Sunday, May 19, 2013

Central Air Conditioning: Comfort and Complexity


Central air conditioning is, in a way, the ultimate form of ac, since it can use a central cooling plant to moderate the temperatures throughout an entire building. With a properly sized installation, central ac can cool everything from a small summer cabin with three rooms to massive buildings such as hospitals, military bases, airports, and the like.

When you are considering installation of air conditioning in your home, central ac is the most expensive option, but also the one that offers the best results. You can use the system to cool the whole house, or just portions of it.

Ducts and central air conditioning
The main unit of a central ac unit produces plentiful cool air through the standard methods of condensing and evaporation, but it is obviously necessary to move this cool air away from the conditioner itself and to the place where it needs to go. A simple fan arrangement such as that found in a window air conditioner will not work for a central air conditioner - instead, the air needs to be "piped" to each room of the building through a series of ducts.

Ducts are passages that connect to the air conditioner and extend through the building's structure to "vents", which are the actual openings that debouch into the rooms of your house. Obviously, it is easiest to install these ducts during initial construction, when they can be placed easily into the walls of your home while these are still being built. However, they can be added later as well, though this will naturally involve a degree of remodeling.

A good duct system is absolutely critical to the function of a central air conditioner - central air will not work without it.

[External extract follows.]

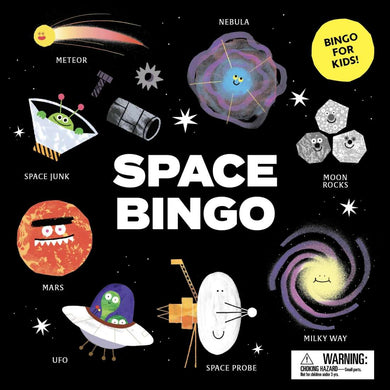 Space Bingo Board Game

Therefore, you need to figure the cost of ducts into the overall cost of the system, and not just that of the main conditioning unit.

The features of central air conditioner duct systems
Since warm air must be pulled into the central unit, and cool air distributed outward from it, two duct systems are needed - supply ducts, which push cool air outward to the home, and return ducts, which suck in warm air for processing. The size and configuration of ducts must be mathematically determined according to the distance the air needs to be moved, the volume of the rooms being served by each duct branch, and so on, so professional installation help is almost always needed to create a successful central air conditioning system.

One major advantage that a central air conditioner offers is that if you include duct branches running to the outside air as well, you can keep the air fresher in your home, rather than simply reusing the same stale air over and over again.

Central air conditioners, in short, offer the ultimate comfort, freshness, and thoroughness, which comes at the price of complexity (and higher cost than more limited air conditioning options).